The warning signs of anorexia and bulimia are hard to detect, but parents and peers can watch out for more subtle signs and behaviors such as:

  • Strict dieting rules that he/she follows
  • Excessive exercise
  • Any use of diet pills or laxatives
  • Constant trips to the bathroom after eating
  • Hoarding food or bingeing on food

If you find your son, daughter or friend engaging in these kinds of behaviors, there are certain steps you can take to help support your loved one.  The first and most important step is to not comment on his or her looks.  Whether or not it is a compliment, any focus on his/her body will only cause harm.  This could possibly lead them to have more negative feelings towards themselves.  Instead, let them know that they can confide in you.  The National Eating Disorders Association (NEDA) believes that parents have a lot of sway and can encourage better self-esteem and positive thinking.  Perhaps the best way to do this, according to NEDA, is to set a confident example.  Teenagers are usually well aware of their parents’ attitudes about their own bodies.  By being positive about your own body, you can inspire your son or daughter to do the same.
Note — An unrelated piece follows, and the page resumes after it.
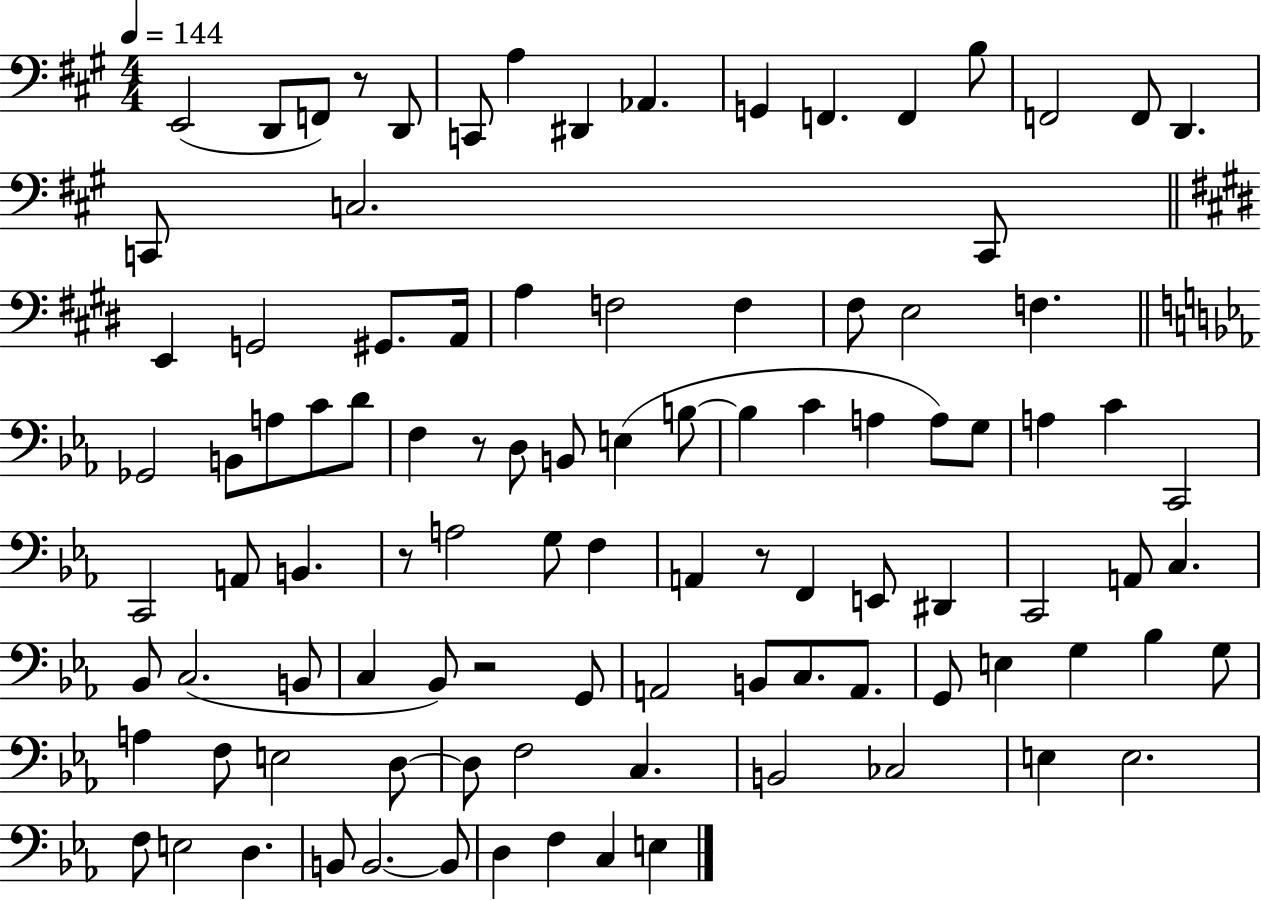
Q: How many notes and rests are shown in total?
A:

Unfortunately, these tactics may not work for all teenagers.  If parents continue to see unhealthy behaviors, one should seek professional help immediately.  It can be difficult to discern whether or not a parent should seek help.  However, the longer one waits, the harder it will be for a loved one to overcome their eating disorder.  Encouraging your son or daughter to get a physical is a great first step to take.  It is important not only to treat his or her current problem, but a doctor may be able to discern what could be feeding their eating disorder, such as an anxiety disorder or even depression.